GOAL OF THE EXERCISE
All of the lines below are to be transcribed faithfully, with pictures excluded from the copy.

- - -

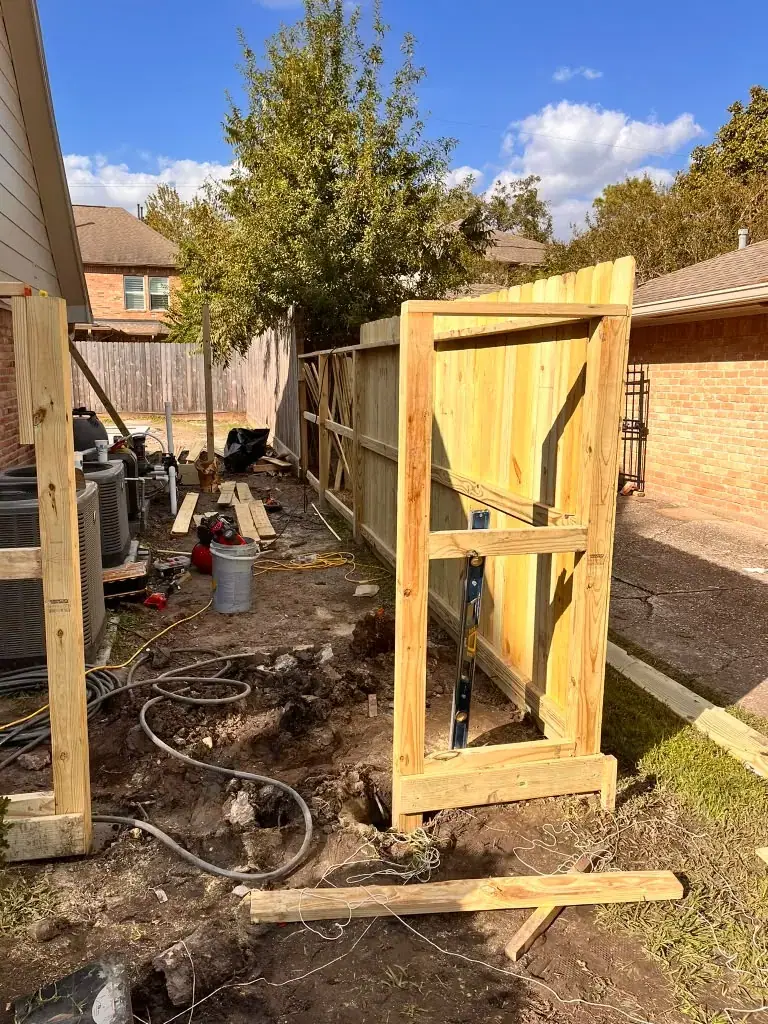 Bastidor de portón de madera durante su construcción.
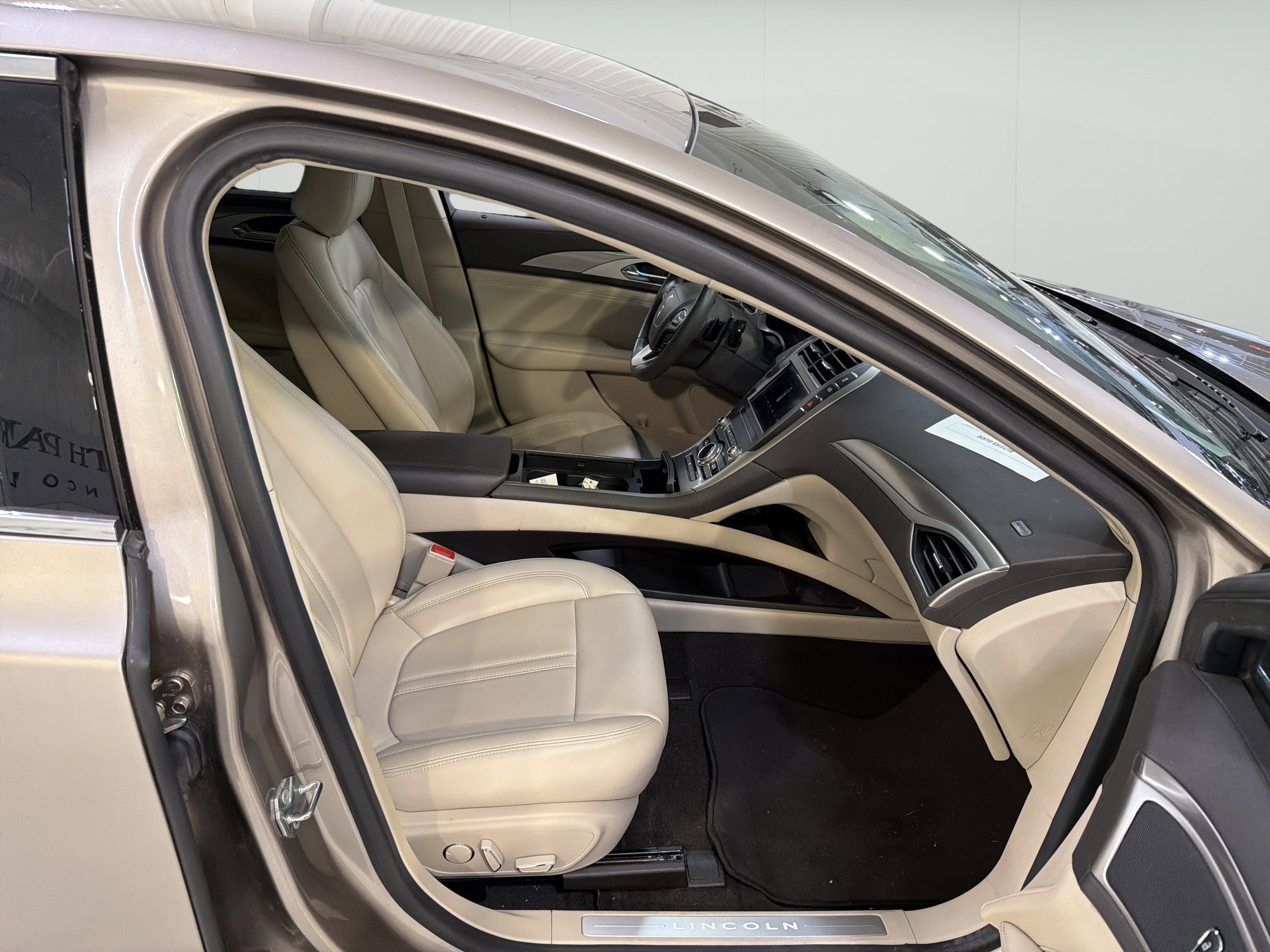 Used 2020 Lincoln MKZ w/ Convenience Package FWD image 13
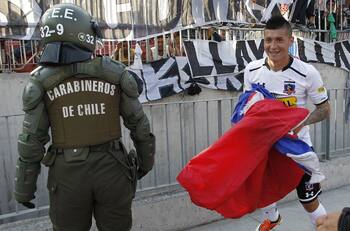 ¿Qué fue de Jason Silva? El exjugador de Colo Colo que se fue preso por pisar la bandera de la U en el Superclásico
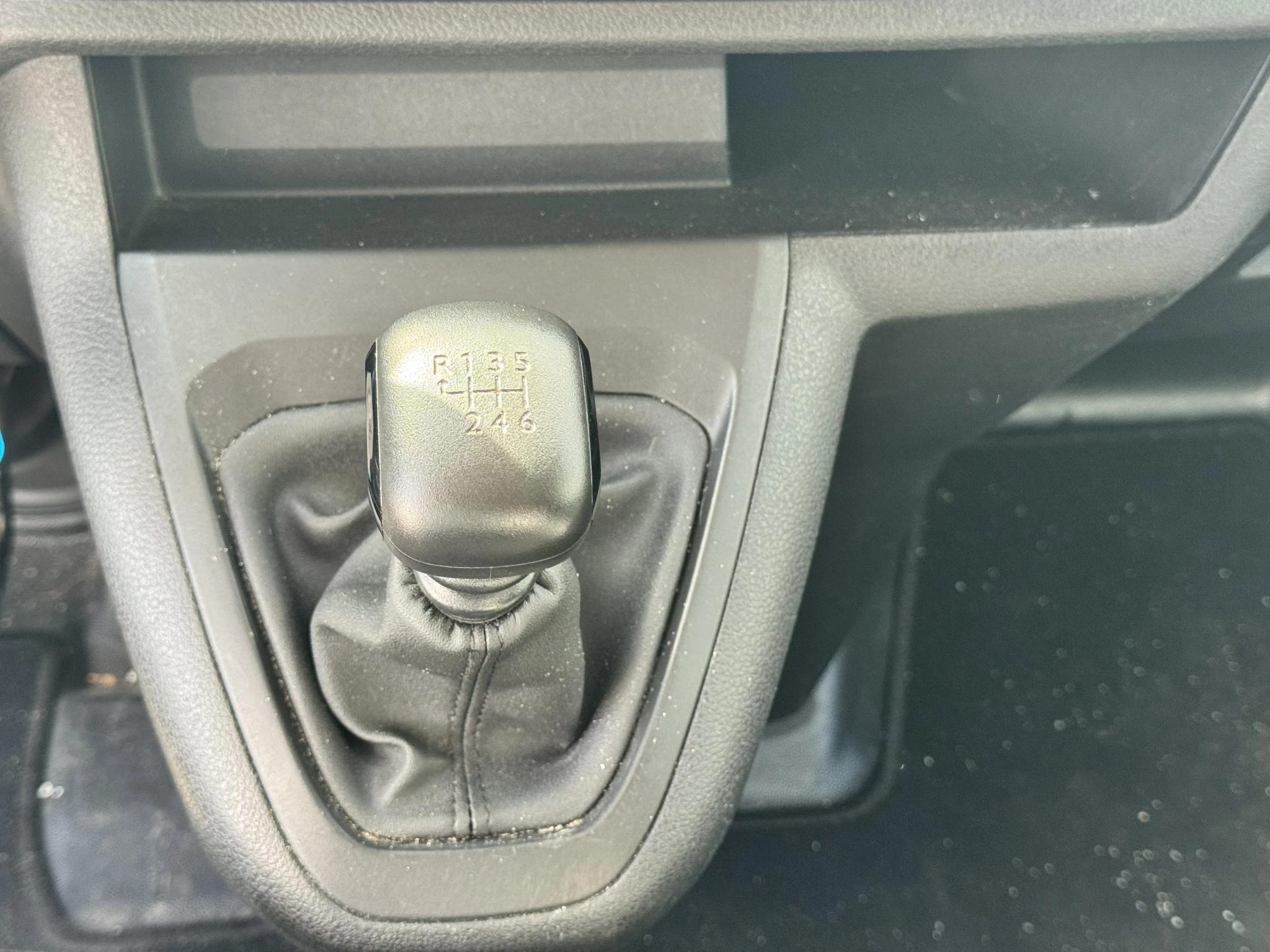Peugeot-Expert-image-9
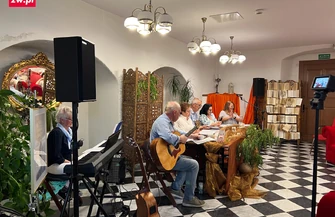 Liść akacji za nami. Zespół Sedno w Bibliotece we Wschowie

- - -

RESULT OF THIS EXERCISE
 Bastidor de portón de madera durante su construcción.
 Used 2020 Lincoln MKZ w/ Convenience Package FWD image 13
 ¿Qué fue de Jason Silva? El exjugador de Colo Colo que se fue preso por pisar la bandera de la U en el Superclásico
Peugeot-Expert-image-9
 Liść akacji za nami. Zespół Sedno w Bibliotece we Wschowie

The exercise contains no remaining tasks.